I will not allow the difficult, unpleasant person to make me upset, angry, or frustrated. I will not allow this person (who I hardly even know) to ruin my day, or make me unhappy, because in the scheme of things this person is not important enough to control my life (is anybody, really?).
Second, you need to be clear about your goals when you face a nasty customer. Is it to get even? To humiliate? Often your initial gut reaction to such people is to show them up...to fight back. While that's a normal reaction, guess what happens if you try? The interaction goes on much longer than it would otherwise. And as the situation goes on longer, it's likely to get worse, more upsetting, particularly if the customer decides to go over your head.
You need to be practical and realistic here. Put aside the getting even part (remember, you aren't going to let the customer get your goat), unless you want more unpleasantness. Here's a simple set of goals you can work towards.
I want to deal with this person professionally.
I want to end this nasty interaction as quickly as possible (which means NOT throwing gasoline on the fire).
By working towards these simple goals, you will do your job more effectively, and act in ways you can be proud of. Let's make no mistake here. You don't have to like the nasty person, or even wish them well. But what you should be doing (for your own benefit) is to continue to act professionally and calmly, and to avoid doing anything that will prolong the visit to hell the customer is trying to inflict upon you. It's to your benefit to do so.

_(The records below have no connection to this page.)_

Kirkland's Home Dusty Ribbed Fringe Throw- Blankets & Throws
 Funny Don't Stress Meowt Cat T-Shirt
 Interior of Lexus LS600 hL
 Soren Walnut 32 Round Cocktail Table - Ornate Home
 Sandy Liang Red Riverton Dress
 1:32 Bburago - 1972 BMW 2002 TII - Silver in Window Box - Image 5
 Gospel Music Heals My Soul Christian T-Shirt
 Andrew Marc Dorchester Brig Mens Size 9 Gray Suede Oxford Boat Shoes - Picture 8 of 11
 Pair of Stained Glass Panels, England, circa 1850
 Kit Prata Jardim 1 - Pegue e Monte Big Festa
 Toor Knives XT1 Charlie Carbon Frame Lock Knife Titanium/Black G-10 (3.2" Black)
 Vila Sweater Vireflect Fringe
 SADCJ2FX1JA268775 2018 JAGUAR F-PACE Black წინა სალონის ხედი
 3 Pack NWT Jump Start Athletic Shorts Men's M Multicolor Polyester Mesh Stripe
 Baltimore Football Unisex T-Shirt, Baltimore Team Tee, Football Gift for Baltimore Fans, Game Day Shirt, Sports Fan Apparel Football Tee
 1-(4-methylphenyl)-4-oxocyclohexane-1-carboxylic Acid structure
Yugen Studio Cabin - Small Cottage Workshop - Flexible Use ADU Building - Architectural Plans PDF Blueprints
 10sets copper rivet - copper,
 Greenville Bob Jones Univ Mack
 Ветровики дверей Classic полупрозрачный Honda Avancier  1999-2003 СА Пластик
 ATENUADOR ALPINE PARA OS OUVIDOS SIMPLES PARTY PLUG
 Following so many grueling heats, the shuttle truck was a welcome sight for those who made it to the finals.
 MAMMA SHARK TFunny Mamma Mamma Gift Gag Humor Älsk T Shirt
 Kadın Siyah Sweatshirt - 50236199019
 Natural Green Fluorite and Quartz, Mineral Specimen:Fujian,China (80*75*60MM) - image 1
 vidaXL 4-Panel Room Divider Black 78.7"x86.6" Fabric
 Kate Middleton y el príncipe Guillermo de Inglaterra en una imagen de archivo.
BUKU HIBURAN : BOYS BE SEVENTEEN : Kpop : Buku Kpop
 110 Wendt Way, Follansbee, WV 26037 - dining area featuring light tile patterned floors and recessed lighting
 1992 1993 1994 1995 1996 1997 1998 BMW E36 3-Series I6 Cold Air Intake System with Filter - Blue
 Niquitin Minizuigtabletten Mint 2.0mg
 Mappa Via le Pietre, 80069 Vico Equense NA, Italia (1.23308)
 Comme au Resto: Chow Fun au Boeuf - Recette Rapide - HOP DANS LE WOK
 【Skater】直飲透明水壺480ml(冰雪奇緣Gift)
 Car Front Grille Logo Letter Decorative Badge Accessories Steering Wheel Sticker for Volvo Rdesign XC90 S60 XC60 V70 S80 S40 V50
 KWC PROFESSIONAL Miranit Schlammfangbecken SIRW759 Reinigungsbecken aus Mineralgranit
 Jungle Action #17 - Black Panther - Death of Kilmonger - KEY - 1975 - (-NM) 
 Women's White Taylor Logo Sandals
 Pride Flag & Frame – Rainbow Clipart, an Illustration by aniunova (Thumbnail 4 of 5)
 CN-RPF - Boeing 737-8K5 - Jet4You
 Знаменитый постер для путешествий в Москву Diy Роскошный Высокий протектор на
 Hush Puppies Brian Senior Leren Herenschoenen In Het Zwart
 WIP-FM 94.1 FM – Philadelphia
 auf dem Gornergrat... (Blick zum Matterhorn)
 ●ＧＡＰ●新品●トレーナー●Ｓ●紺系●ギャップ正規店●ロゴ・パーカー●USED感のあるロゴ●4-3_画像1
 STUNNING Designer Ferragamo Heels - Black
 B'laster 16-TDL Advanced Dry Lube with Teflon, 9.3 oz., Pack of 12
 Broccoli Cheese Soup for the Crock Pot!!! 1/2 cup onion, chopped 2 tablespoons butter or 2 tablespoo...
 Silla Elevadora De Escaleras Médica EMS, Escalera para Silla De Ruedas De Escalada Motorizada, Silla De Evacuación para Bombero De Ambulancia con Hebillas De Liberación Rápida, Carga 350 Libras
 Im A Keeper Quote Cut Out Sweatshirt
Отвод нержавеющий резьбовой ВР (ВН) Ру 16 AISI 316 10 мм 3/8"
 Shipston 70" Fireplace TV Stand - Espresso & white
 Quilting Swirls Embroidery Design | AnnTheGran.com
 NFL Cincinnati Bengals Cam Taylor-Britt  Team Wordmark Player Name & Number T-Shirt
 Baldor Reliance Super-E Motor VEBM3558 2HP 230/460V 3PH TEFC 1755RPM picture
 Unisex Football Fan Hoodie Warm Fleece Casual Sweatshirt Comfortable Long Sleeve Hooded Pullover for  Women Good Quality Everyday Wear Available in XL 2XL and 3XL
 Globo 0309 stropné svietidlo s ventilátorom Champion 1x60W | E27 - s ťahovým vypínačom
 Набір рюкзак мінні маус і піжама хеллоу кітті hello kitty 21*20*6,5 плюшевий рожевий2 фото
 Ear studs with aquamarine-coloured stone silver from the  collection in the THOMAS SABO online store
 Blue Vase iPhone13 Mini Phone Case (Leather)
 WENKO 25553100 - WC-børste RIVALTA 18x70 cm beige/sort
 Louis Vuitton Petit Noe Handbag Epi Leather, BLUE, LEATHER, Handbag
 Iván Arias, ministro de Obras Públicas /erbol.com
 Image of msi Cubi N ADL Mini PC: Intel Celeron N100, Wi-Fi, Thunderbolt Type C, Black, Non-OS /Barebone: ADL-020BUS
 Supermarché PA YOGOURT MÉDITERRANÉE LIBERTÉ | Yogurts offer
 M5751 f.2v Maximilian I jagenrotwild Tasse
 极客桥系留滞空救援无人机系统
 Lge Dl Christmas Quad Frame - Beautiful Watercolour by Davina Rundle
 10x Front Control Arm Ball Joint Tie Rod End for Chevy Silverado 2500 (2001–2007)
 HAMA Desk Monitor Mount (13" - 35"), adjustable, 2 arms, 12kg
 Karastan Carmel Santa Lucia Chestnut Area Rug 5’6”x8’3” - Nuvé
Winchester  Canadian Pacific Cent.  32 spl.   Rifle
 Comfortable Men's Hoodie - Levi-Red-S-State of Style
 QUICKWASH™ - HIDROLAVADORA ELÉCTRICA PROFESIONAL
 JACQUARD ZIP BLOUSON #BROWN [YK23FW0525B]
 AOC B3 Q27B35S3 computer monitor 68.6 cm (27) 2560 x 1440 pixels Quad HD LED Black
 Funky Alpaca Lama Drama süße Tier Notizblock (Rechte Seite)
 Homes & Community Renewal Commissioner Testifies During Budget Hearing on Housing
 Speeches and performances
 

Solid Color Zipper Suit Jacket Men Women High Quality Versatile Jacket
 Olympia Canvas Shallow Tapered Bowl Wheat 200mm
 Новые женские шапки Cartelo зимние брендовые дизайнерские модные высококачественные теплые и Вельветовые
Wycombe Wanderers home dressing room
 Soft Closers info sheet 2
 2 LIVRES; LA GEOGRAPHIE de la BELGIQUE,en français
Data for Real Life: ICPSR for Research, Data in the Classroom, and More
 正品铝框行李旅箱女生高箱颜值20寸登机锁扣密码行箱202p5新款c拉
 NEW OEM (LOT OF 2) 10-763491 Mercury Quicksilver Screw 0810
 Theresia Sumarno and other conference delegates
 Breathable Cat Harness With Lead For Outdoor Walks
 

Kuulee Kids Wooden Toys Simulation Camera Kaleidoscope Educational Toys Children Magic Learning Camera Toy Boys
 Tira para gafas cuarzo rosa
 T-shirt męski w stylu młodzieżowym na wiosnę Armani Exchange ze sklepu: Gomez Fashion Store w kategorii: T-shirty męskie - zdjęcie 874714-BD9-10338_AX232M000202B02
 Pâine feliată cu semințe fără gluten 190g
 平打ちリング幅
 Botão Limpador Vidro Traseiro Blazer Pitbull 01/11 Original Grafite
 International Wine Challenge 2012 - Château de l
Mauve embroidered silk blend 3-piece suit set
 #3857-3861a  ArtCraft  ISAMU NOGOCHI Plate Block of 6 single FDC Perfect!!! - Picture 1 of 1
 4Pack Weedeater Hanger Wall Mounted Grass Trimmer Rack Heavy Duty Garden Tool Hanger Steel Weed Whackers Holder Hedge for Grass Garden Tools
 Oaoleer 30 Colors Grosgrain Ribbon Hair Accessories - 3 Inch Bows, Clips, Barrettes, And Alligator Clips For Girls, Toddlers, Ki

Is there more to this defusing mind set? Yes. In my work with thousands of employees stuck dealing with angry, difficult or hostile customers, one thing sticks out about how the successful employees think. They take a fundamental position that goes like this.
When this customer is gone, I want to look back at the way I acted (regardless of how it turned out), and say, with pride, that I acted professionally, and constructively, and did not stoop to the childish (aggressive, nasty, etc.) level of the unpleasant customer. I never ever want to feel that I acted badly.
You might notice something about what's written above...something that's different than what others focus on. I don't focus on how it's "good" to be nice to unpleasant people. I don't tell you to smile when you are having your butt kicked verbally. And, I don't hammer on the usual value of customer service. That's because I know that the reason you should work to learn how to defuse angry people is FOR YOU. The benefits and advantages of doing so are overwhelming in terms of reducing stress, enjoying the job and feeling a sense of job satisfaction. Remember that. It's for YOU. And by serving the "better part of yourself, you will, coincidentally, be offering better customer service and become a more effective contributor to your organization.